Bethany's Readers' Advisory

The place to go for readers' advisory on books for children, teens, and adults

In the Shadow of Blackbirds by Cat Winters April 20, 2014

Shadow of BlackbirdsThe year is 1918. The county is at war both overseas and at home. The boys are fighting in the trenches in Europe and the citizens on the homefront are battling the deadly Spanish influenza. After her father is taken away to jail for  traitorous talk, sixteen-year-old Mary Shelley Black heads to San Francisco to stay with her aunt. What she finds is an atmosphere of fear, with faces covered in gauze masks and home remedies mean everyone reeks of onions and garlic. Mary Shelley seeks out news of her sweetheart, away at war, to find his brother running a bustling spirit photography business. She doesn’t believe in ghosts, until after an accident, she finds one in her bedroom. Will her skepticism about capturing the spirits of loved ones on film be overpowered by her desire to know the truth about her beloved Stephen?

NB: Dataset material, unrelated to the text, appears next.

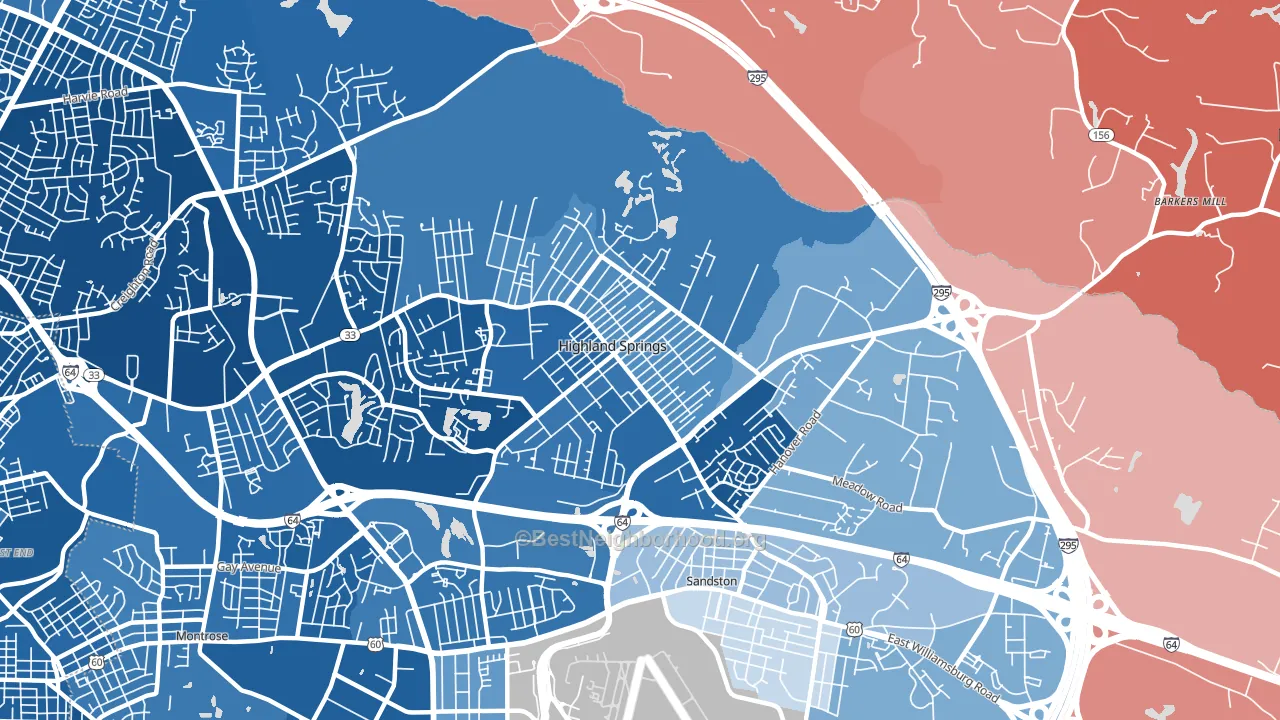 Highland Springs, VA block-group political-lean map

While this story took place in a time period I enjoy and it piqued my interest about the devastation of influenza in the United States, I didn’t love this book. It was nominated for 2014 Teens’ Top Ten award, so it appears I’m in the minority. I could see this well-researched, historically accurate story paired nicely with some nonfiction titles about the era for teens.

3 out of 5 stars


Hold Me Closer, Necromancer by Lish McBride June 28, 2011

Sam, officially Samhain Corvus LaCroix, is a college-dropout turned fry cook at Plumpy’s.  After a break-time game of potato hockey ending in a broken taillight, he gets his first look at Douglas Montgomery.  After being attacked in the Plumpy’s parking lot, he gets his second look.  You see, like Douglas, Sam is a necromancer.  Douglas is powerful and evil; Sam is clueless about his paranormal powers.  Suddenly, Sam has to deal with Douglas’s basement, a hot werewolf girl, and Ashley the Harbinger.  Sam is about to get a lesson in necromancy.

Have you been looking for the next Twilight?  Perhaps a tale of teenagers with paranormal powers… that’s well written and clever?  Look no more.  Sam has a smart mouth, good friends, and a powerful enemy.  Will he figure out what powers he has and how to use them to save the day before it’s too late?  Includes an ending that could nicely segue into a sequel.

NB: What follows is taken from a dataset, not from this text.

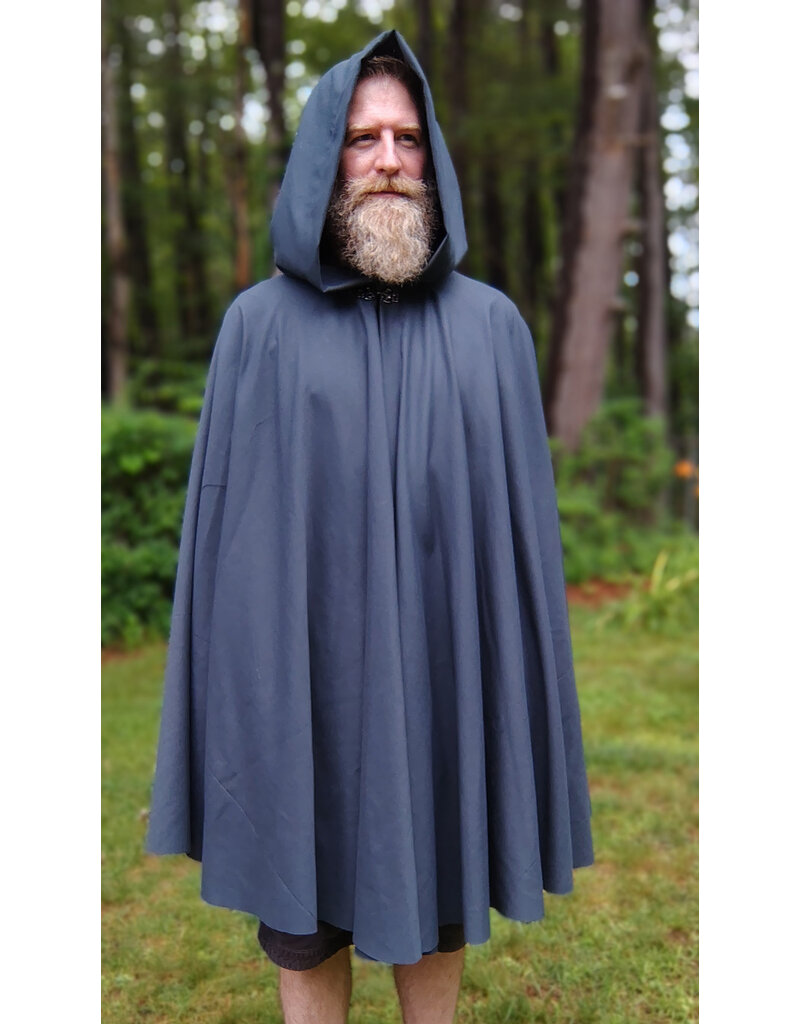 Cloakmakers.com 5752-Washable Slate Blue Wool Blend Cloak w/ Long Liripipe Hood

William C. Morris Debut Award finalist


The Graveyard Book by Neil Gaiman March 4, 2011

A baby wanders out the open front door, away from his family that has just been murdered in their home.  He toddles into an old, abandoned graveyard, away from the killer.  A dark, shadowy figure keeps the killer away; the wispy figures the graveyard vote to keep the baby there, safe from harm.  And so Nobody Owens grows up in the graveyard and spent his days learning about history from those who were there and ghostly skills like Fading and Dreamwalking.  As he gets older, he learns lessons about the dangers of the outside, specifically the killer who continues to search for the boy who got away.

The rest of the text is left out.